At the same time, the Associated Press reported that the stadium's lead builder increased its political donations in the most recent election almost 500-fold, suggesting the possibility of a quid pro quo arrangement in the contract award.

What was the response from the head of the Brazilian government's World Cup committee in Brasília? He questioned the timing of the audit and said, "They're trying to spoil the party."

While the accuracy of these initial audits and reports are still unconfirmed, there are many reasons to worry because Brazil has several of the conditions that increase the risk of corruption. They include too-cozy relationships between the construction industry and the government, with four of the six top campaign donors in the 2010 election coming from the industry.

Brazil's regulatory requirements can be onerous, requiring frequent permitting. In the World Bank's "Doing Business 2014" report, Brazil ranked at No. 130 out of 189 economies in "ease of dealing with construction permits," with 15 procedures requiring 400 days to accomplish. Compared to other Latin American countries such as Colombia (ranking at No. 24, with eight procedures taking 54 days) or Mexico (ranking at No. 40, with 11 procedures taking 82 days), Brazil's construction rules are strikingly burdensome. Because of this, it is common for firms to hire "despachantes," or local fixers, to help navigate processes, creating the risk of improper third-party payments.

Room for Bribery

The more complicated the regulations, the more numerous the government officials involved and the more discretion exercised by each one. This arrangement means more room for bribery; as we know, the contract values for stadiums dwarf the amount of possible bribes.

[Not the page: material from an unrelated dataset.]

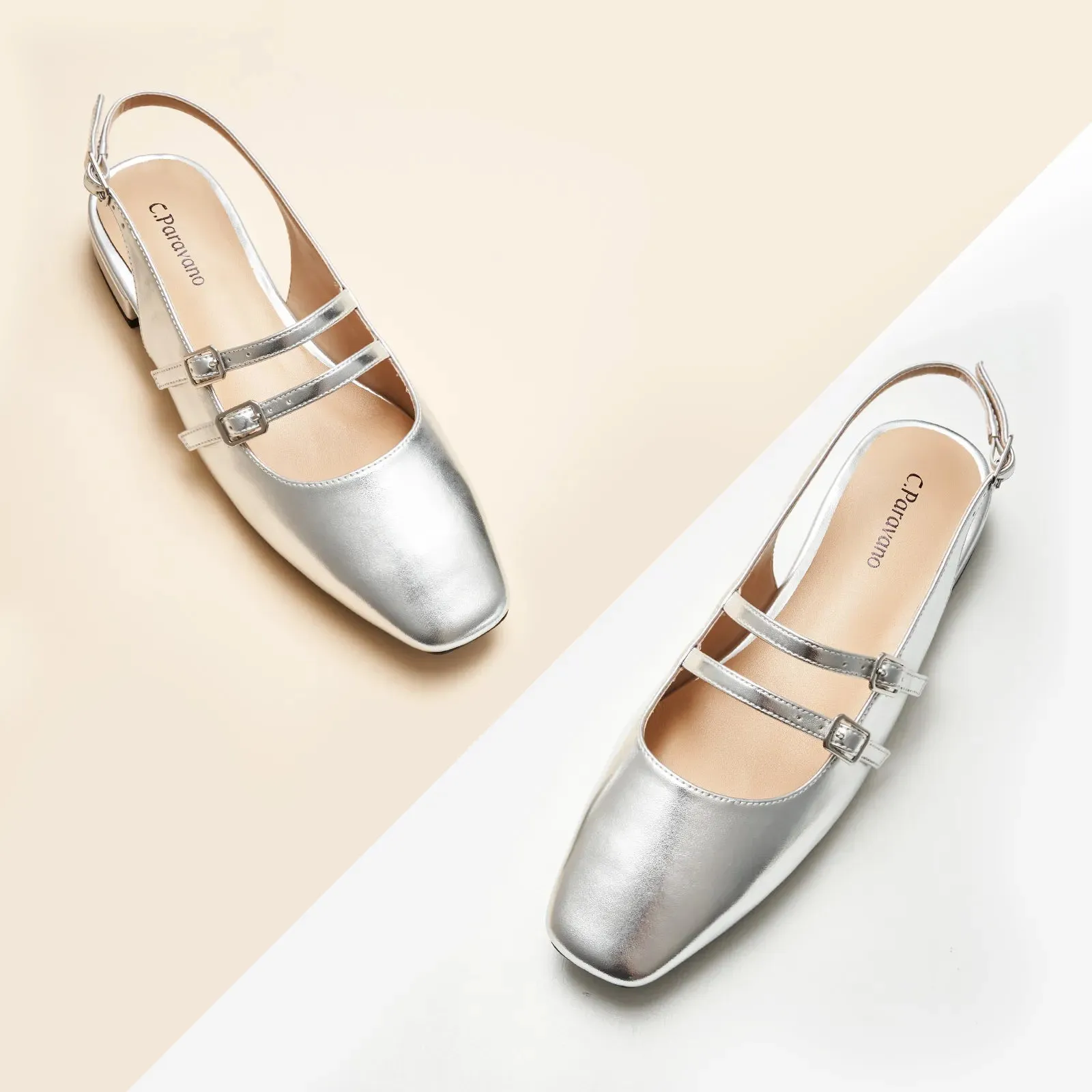 Double-Straps Slingback Mary Jane (Alyssa S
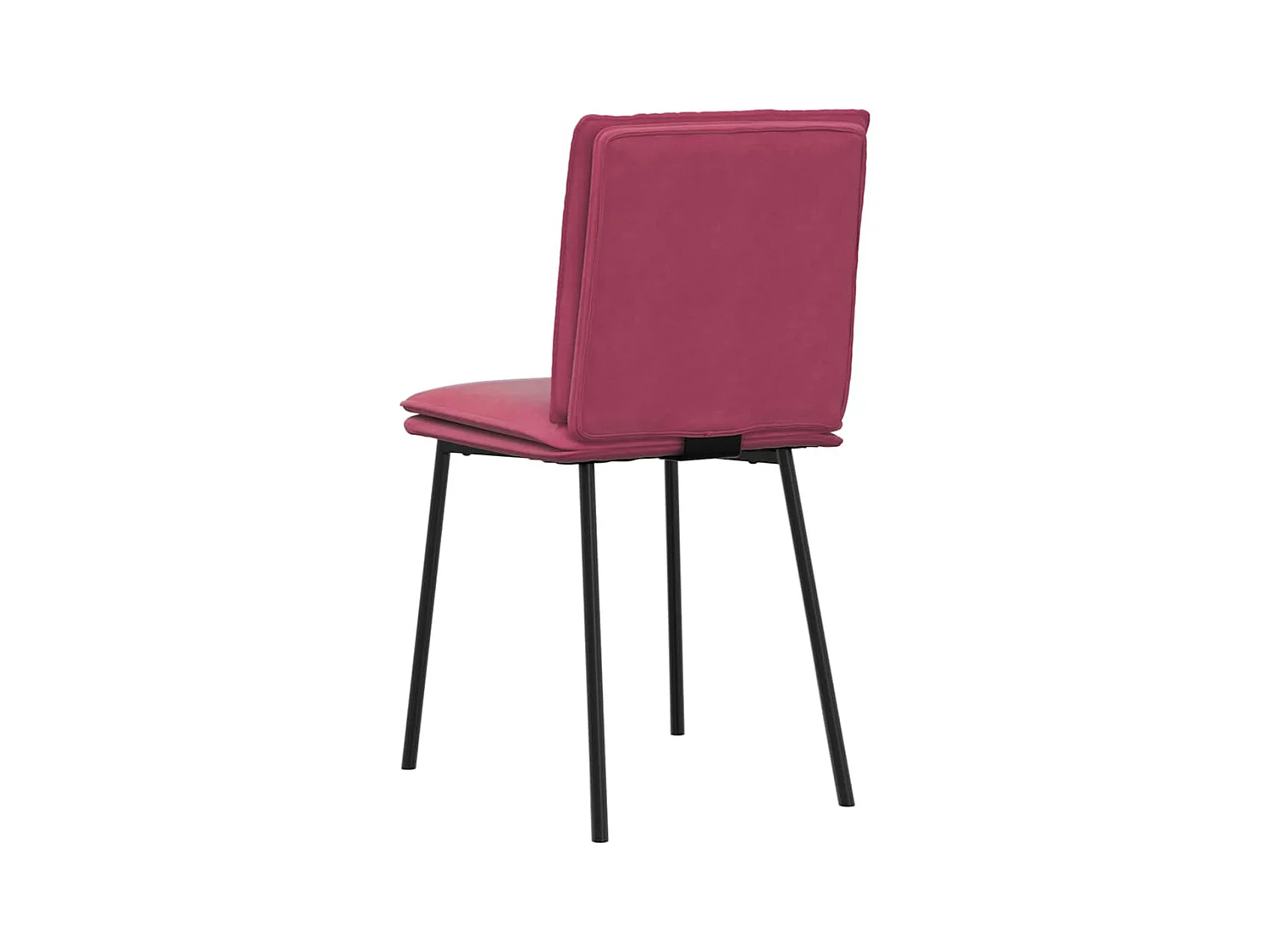 Chaises à manger lot de 2 Rouge bordeaux Velours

With the government funding expensive projects, Brazil is prone to sophisticated collusive schemes involving multiple actors to manipulate contract awards. For example, Brazil's Administrative Council for Economic Defense, its anti-trust regulator, currently is investigating several firms, including Germany's Siemens, France's Alstom, Japan's Mitsui and Canada's Bombardier, for alleged price-fixing in the construction of train and metro networks in the country.

Opportunities abound to inflate costs because the work is varied and benchmarks are few. As well, certain areas of work tend to create unique cost-inflation opportunities. For example, in "earthworks," costs related to moving and flattening banks of soil range widely based on numerous technical factors, which can be challenging to confirm. Inflating costs also creates the funds used for bribery.